The Kingfisher’s Wing takes its title from a motif in TS Eliot’s Burnt Norton (1936), a poem that is concerned with how we might live in the present moment, when it is both haunted by our memories of the past, and is forever merging seamlessly into the future: 

After the kingfisher’s wing 

Has answered light to light, and is silent, the light is still 

at the still point of the turning world.

In the exhibition, these lines are offered as a spur to thinking about the peculiar temporality of the (still, restless) painted image, and the fugitive nature of color, form and meaning. Featuring works by eleven contemporary artists, each of whom has a strong connection to Eliot’s adopted homeland of Great Britain, The Kingfisher’s Wing sequences a set of distinct painterly propositions, attending to their echoed moods and preoccupations, and to their contrapuntal play of atmospheres, imagery and themes—the way they answer “light to light”.  

Across the show, we encounter figuration and abstraction, the domestic and the mythic, landscapes and dreamscapes, bodies in motion and at rest. Here and there, we glimpse traces of painting’s long history and perhaps auguries of its possible futures. What emerges is not an argument for the medium as a “still point” in a “turning world” (it belongs, inescapably, to time), but rather as a repository of present-ness, and as a realm in which the moment lingers and thickens.

If Eliot’s kingfisher is a herald of sorts, here in the exhibition this bird—with its flashing blue and orange feathers, its uncommon, compact charisma—functions as a totem of our encounters with painting. Kingfishers are found almost everywhere across the Earth, aside from at the poles and in the very driest deserts. Nevertheless, to chance across one always feels something of a blessing, a modest little miracle.

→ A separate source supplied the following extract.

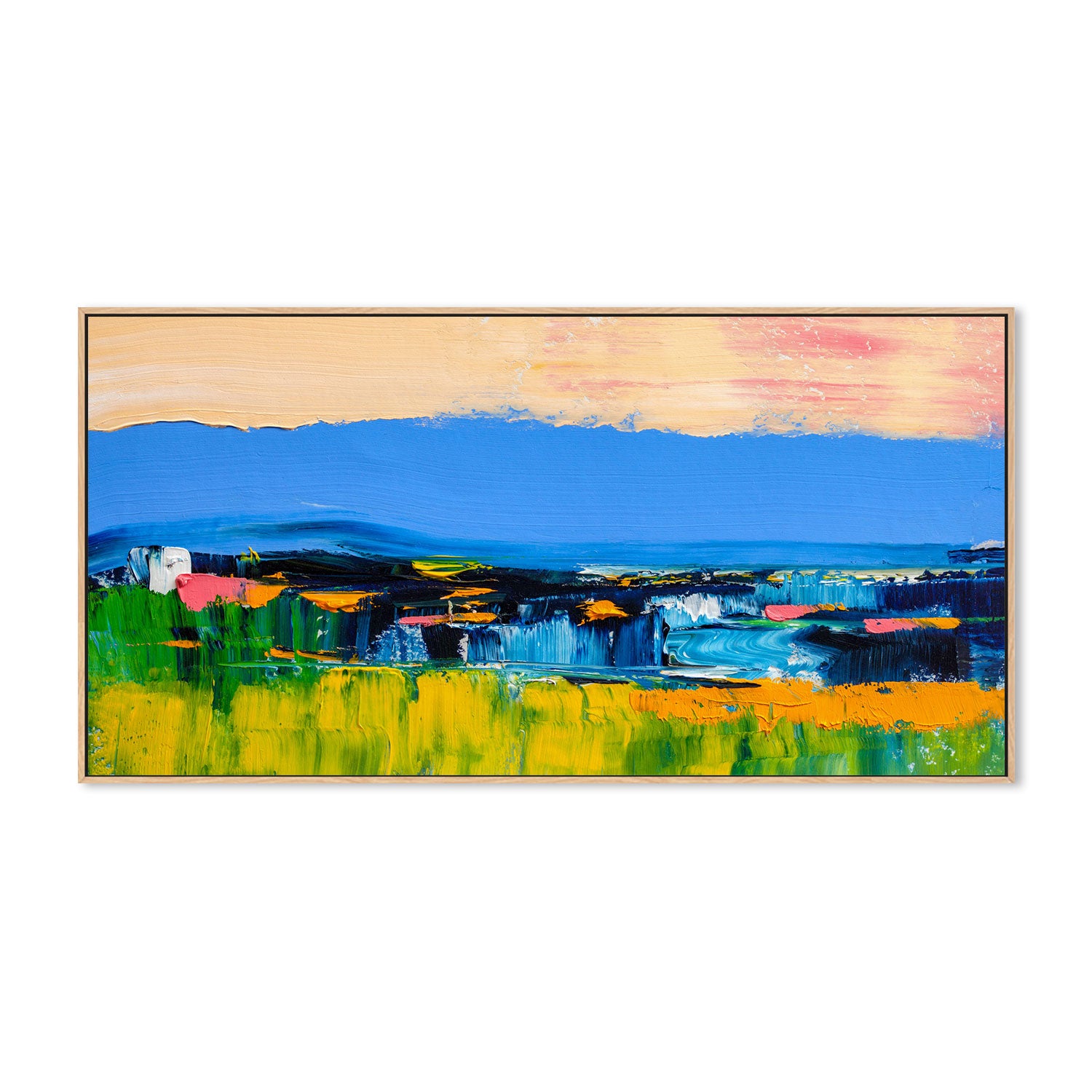 Far Beyond The Coloured Horizon, Style A, Hand-Painted Canvas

Tom Morton is a curator, writer and a Contributing Editor for frieze magazine, based in Rochester, UK. His previous exhibitions include The City & The City & The City at Frestonian Gallery, London (2020); Äppärät at The Ballroom Marfa, Texas, USA (2015); Panda Sex at State of Concept, Athens, Greece; British British Polish Polish: Art from Europe’s Edges in the Long ‘90s and Today, CSW Ujazdowski Castle, Warsaw (2013, co-curated with Marek Goździewski); and British Art Show 7: In the Days of the Comet, Hayward Gallery London and touring (2010-11, co-curated with Lisa Le Feuvre).